### Supplied material
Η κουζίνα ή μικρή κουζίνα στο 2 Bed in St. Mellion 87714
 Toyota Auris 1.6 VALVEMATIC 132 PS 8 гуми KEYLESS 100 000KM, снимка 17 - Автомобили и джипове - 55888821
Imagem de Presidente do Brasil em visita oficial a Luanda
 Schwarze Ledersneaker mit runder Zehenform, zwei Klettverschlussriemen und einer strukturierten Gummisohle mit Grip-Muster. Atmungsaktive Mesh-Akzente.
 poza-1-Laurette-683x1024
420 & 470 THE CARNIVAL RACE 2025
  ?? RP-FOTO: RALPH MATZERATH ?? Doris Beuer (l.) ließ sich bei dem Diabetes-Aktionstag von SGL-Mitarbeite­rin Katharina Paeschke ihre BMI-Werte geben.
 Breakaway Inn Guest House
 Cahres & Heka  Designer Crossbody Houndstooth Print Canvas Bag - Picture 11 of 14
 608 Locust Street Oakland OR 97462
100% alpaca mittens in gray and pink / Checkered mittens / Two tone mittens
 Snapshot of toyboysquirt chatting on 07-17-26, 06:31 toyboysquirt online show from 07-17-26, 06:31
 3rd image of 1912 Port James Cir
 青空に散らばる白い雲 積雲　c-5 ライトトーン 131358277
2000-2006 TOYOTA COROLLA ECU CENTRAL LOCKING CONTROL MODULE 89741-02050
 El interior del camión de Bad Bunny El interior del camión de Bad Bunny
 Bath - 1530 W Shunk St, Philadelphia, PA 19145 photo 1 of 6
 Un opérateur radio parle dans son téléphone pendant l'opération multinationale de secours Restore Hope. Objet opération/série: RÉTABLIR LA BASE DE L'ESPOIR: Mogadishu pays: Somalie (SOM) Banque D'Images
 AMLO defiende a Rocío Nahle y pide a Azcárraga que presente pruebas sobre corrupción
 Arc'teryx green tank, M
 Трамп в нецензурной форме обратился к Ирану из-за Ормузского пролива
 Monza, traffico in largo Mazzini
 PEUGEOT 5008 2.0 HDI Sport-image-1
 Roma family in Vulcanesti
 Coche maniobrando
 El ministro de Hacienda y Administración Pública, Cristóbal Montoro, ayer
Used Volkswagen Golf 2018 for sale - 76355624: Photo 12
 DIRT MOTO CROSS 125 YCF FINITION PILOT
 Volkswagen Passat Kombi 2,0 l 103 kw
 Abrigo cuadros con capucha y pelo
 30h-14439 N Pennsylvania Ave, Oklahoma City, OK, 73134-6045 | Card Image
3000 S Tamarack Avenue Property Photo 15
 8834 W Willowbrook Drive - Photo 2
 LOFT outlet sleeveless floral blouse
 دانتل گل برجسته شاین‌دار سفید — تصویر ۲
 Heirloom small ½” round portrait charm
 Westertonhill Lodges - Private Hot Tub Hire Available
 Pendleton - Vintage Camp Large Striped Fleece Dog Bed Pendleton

### Task brief
Please transcribe exactly the line containing "Coche maniobrando" and every line after it to the end of the data, and no other lines.

### Result of this exercise
 Coche maniobrando
 El ministro de Hacienda y Administración Pública, Cristóbal Montoro, ayer
Used Volkswagen Golf 2018 for sale - 76355624: Photo 12
 DIRT MOTO CROSS 125 YCF FINITION PILOT
 Volkswagen Passat Kombi 2,0 l 103 kw
 Abrigo cuadros con capucha y pelo
 30h-14439 N Pennsylvania Ave, Oklahoma City, OK, 73134-6045 | Card Image
3000 S Tamarack Avenue Property Photo 15
 8834 W Willowbrook Drive - Photo 2
 LOFT outlet sleeveless floral blouse
 دانتل گل برجسته شاین‌دار سفید — تصویر ۲
 Heirloom small ½” round portrait charm
 Westertonhill Lodges - Private Hot Tub Hire Available
 Pendleton - Vintage Camp Large Striped Fleece Dog Bed Pendleton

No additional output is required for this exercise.